What needs to be done » With the pictures left aside, write out exactly the lines of the listing below from the line with "Telefoniümbris Karl Lagerfeld" to the line with "Beige gant avslappet", both included, and only those.

Data shown »

* * * * *

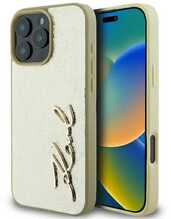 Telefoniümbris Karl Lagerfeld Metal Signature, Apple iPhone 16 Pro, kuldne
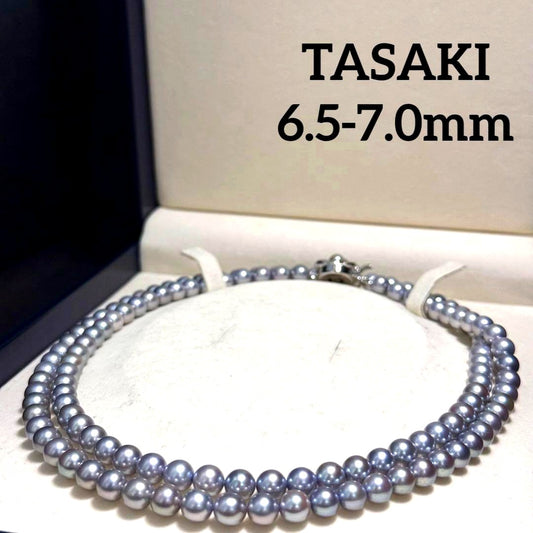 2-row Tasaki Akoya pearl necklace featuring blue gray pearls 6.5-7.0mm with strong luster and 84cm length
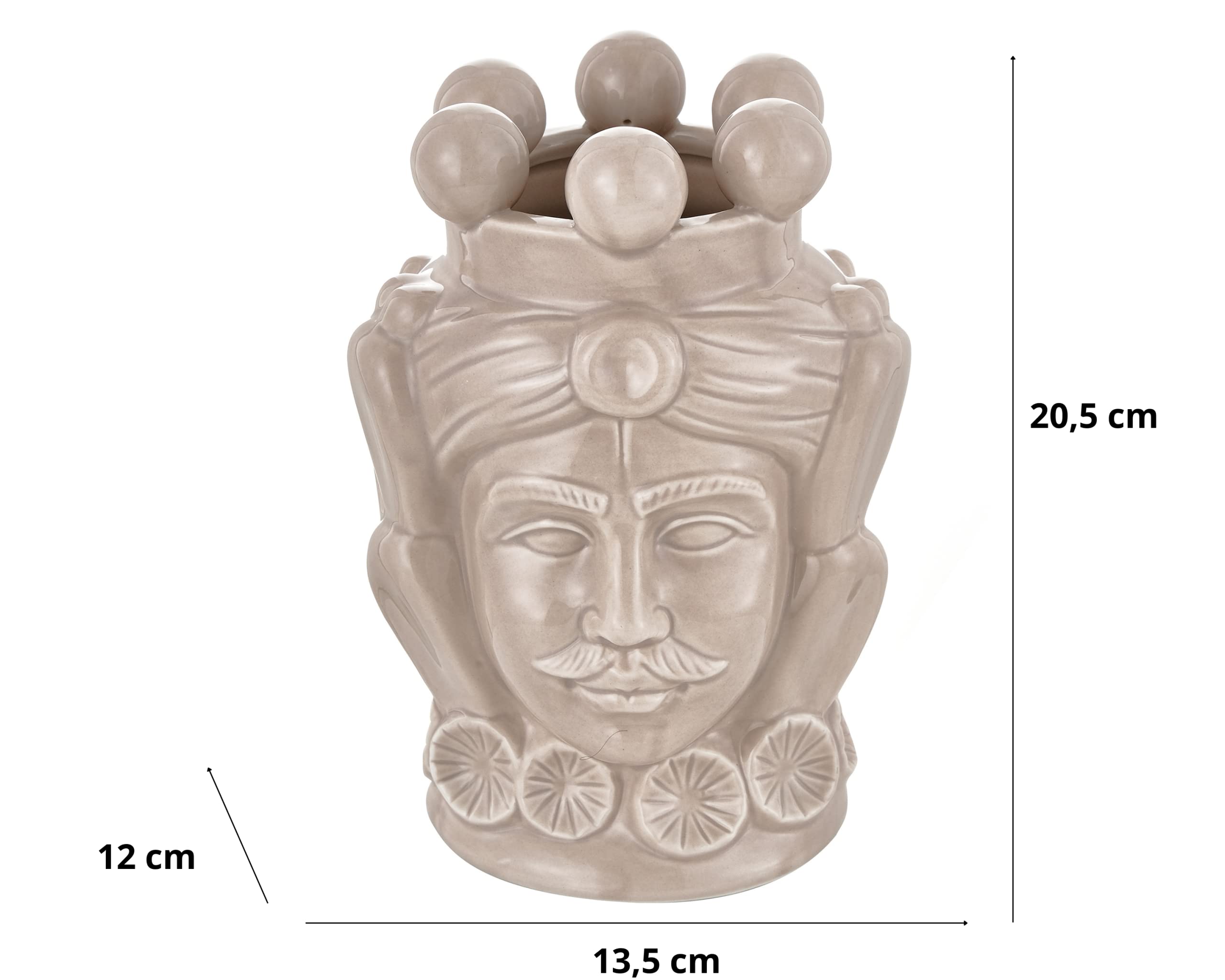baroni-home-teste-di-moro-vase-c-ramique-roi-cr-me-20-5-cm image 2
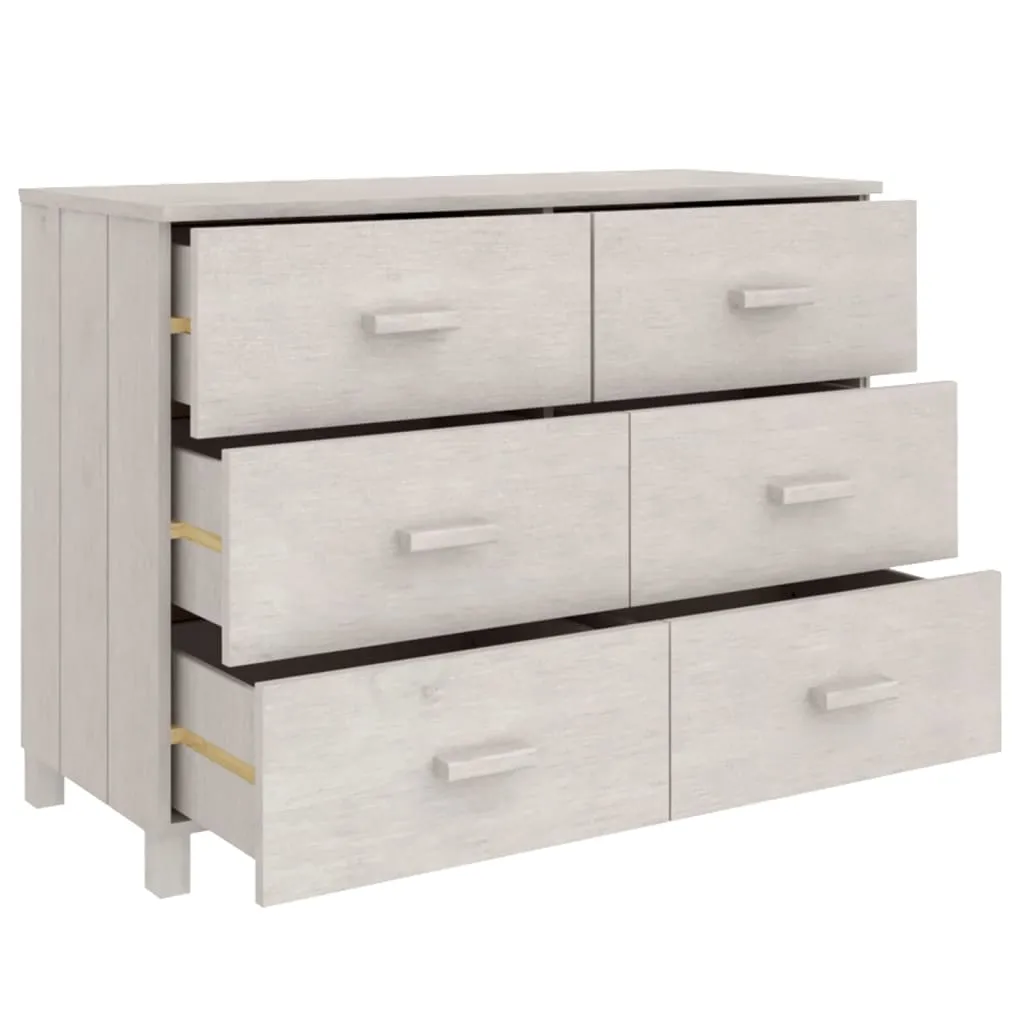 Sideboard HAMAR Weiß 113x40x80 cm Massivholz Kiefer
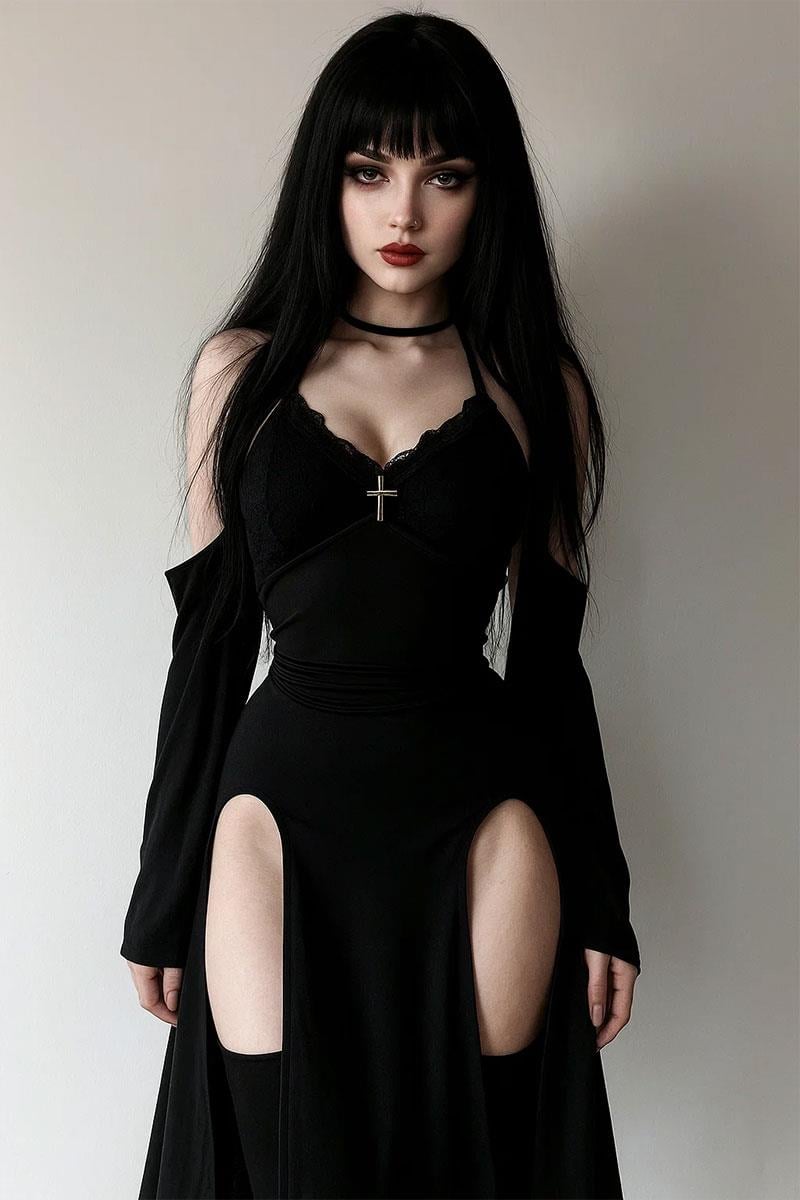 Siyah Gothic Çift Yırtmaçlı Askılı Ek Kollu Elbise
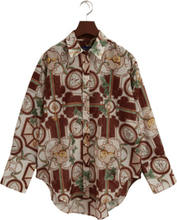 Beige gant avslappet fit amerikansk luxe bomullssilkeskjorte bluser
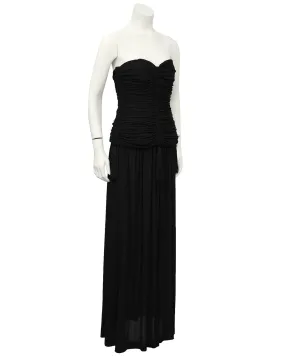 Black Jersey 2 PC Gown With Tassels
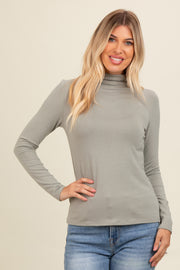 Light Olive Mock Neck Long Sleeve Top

* * * * *

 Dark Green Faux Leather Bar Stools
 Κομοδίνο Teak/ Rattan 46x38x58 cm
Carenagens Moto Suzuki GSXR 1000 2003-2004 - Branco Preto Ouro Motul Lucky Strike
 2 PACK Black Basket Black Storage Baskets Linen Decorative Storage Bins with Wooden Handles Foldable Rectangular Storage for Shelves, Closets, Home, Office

* * * * *

Response to the exercise »
 Telefoniümbris Karl Lagerfeld Metal Signature, Apple iPhone 16 Pro, kuldne
 2-row Tasaki Akoya pearl necklace featuring blue gray pearls 6.5-7.0mm with strong luster and 84cm length
baroni-home-teste-di-moro-vase-c-ramique-roi-cr-me-20-5-cm image 2
 Sideboard HAMAR Weiß 113x40x80 cm Massivholz Kiefer
 Siyah Gothic Çift Yırtmaçlı Askılı Ek Kollu Elbise
 Beige gant avslappet fit amerikansk luxe bomullssilkeskjorte bluser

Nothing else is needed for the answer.